Luckily, I relocated to OR on assignment. I thought I had heard the last from Moron. But just a few months later, I started to receive anonymous emails. Needless to say, they were bordering on the obscene. I again tried to check with the emailing service, but since it was not an ISP provider, they also had no way of tracing who the AH was. He used bogus accounts in Yehey and Manila.net, which both provided free email service. I really didn't (and still don't) know if it was the same person from back home. It was kinda absurd to think that the stalker would "follow me" half the world with his obscenities. But it was also a huge coincidence if I was stalked by two people within a few months.

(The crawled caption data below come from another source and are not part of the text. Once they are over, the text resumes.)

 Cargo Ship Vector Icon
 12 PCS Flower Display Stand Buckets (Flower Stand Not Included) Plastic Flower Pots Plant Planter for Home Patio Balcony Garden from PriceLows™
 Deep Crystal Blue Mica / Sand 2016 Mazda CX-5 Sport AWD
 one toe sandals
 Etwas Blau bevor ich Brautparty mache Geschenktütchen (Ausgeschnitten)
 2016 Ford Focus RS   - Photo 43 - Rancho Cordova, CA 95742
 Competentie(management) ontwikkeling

Since I knew I was in a practically losing battle, since I had no way of knowing who he really was, I just continued to ignore his emails. Then I started dating someone in OR, and naturally, spent a lot of time with him and sometimes hang out in his apartment. Suddenly, Moron started mentioning my boyfriend's name AND apartment number in his emails. That made me fuming mad. Whoever Moron was, he was definitely someone I knew and someone who knew me well enough to know who I dated and where we went. And then, I also feared for my safety. What is he tries to physically harm me?

I did some research and found that stalkers are most likely to be someone you know, and who is in close proximity with you. Apparently, they get their fix when they see your reaction firsthand. I guess they are most happy when they're being invasive but with them being in a comfortable distance. Aside from observing your reaction from afar, getting some sort of response from you just excites them even more. I made a mistake by "pleading" with him and asking him to stop bothering me. He didn't.

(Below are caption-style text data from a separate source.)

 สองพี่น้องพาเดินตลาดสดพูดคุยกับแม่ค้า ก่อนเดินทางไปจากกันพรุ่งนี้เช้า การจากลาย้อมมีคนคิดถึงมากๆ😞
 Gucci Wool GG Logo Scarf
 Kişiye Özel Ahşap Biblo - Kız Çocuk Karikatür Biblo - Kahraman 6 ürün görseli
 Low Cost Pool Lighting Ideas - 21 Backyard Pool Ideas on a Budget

I eventually told my boyfriend about this Moron. I figured he could probably help me deal with Moron in one way or another. I forwarded one of the emails where the boyfriend's name was dropped, and he replied to the Moron, bluffing him and saying he has all the information he needed and we would contact HR if did not stop harassing me.

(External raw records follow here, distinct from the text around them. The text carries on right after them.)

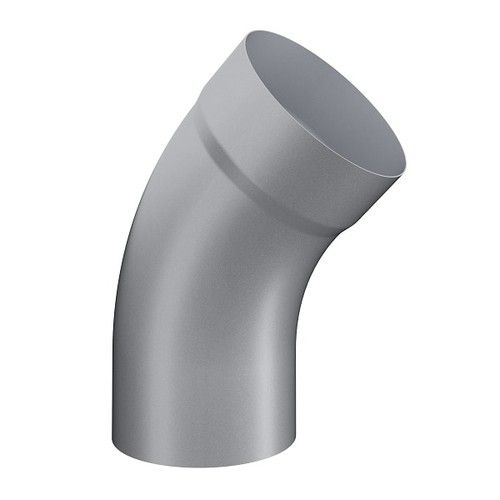 Lindab Steel Downpipe Bend with Socket 45 - 87mm Silver Metallic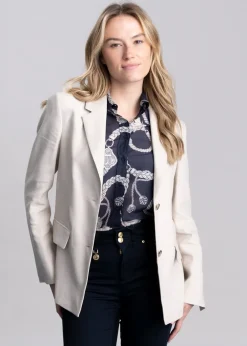 Outlet Slim Stretch Linen Blazer - Women Tweed & Tailored Jackets|Coats & Jackets
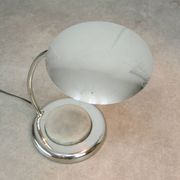 Mid-Century Italian Big Button Table Lamp in Chrome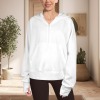 Custom Personalized Half Zip Cropped Pocket Fleece Hoodies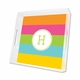 bold stripe lucite tray - square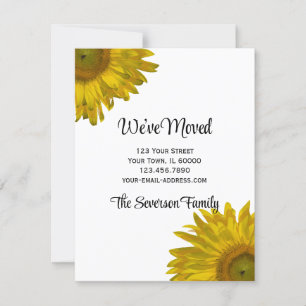 Cambio de dirección de girasol amarillo Invitacion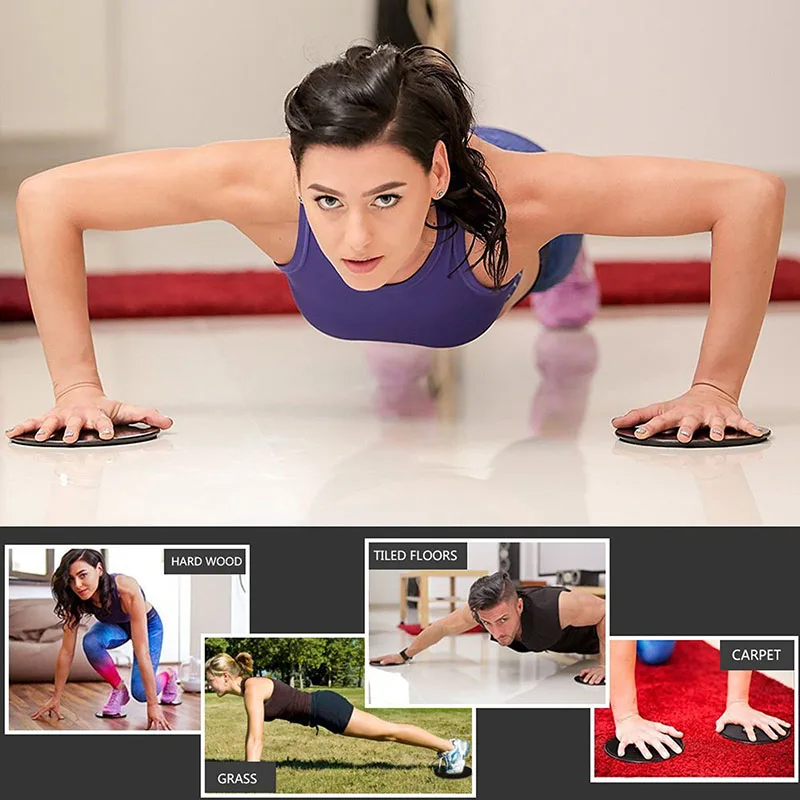 2 шт. скользящие диски слайдер Фитнес здания тела диск Упражнение раздвижной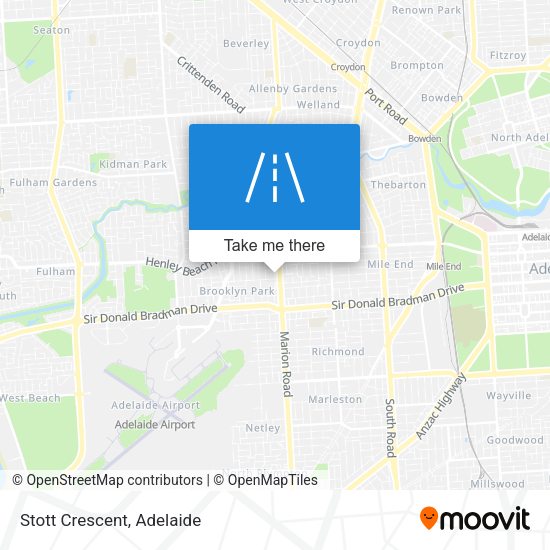 Stott Crescent map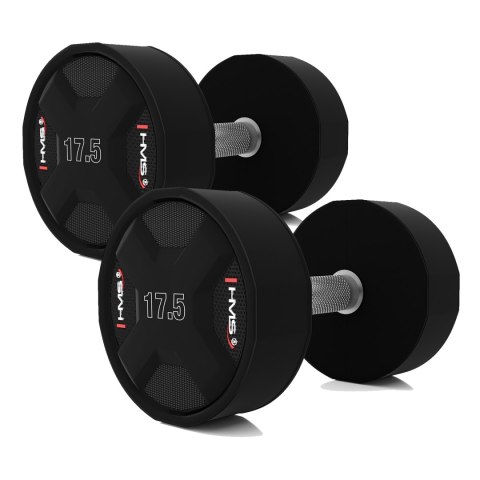 HPC SET ZESTAW HANTLI POLIURETANOWYCH 2 x 2.5 - 25 KG CPU (275 KG) HMS HPC SET ZESTAW HANTLI POLIURETANOWYCH 2 x 2.5 - 25 KG CPU (275 KG) HMS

And the moron, the bastard, the coward did stop. And despite an advice from a colleague, I did not contact HR. But I know I should have. Back then, I just didn't want to go through all the hassles involved. But by not reporting cases like this, we are actually making the people who are supposed to look out for us feel that everything is cool and safe.Besides, who knows who he's terrorizing now?

To this day, I wonder if any of the people I smile at is actually Moron. And I shudder at the thought. But of course, I have moved on. The last thing I want is to give him victory by feeling terrorized. He stalked the wrong girl.

Just today, I learned that one of my officemates got a post-it with a computer-printed obscene message. "I want to have sex with you". Sounded very familiar. It has only happened once (to-date) but once is friggin' enough. I adviced her to go down the path that I didn't go to. This time, I wanna at least help make it right.

I don't know what kind of actions we can take against stalkers since more often than not, technology can keep them in the cloak of anonymity. I think the best way to deal with them is to let them know that you can go on living a normal life and not let them terrorize you. And definitely, escalate to appropriate authorities.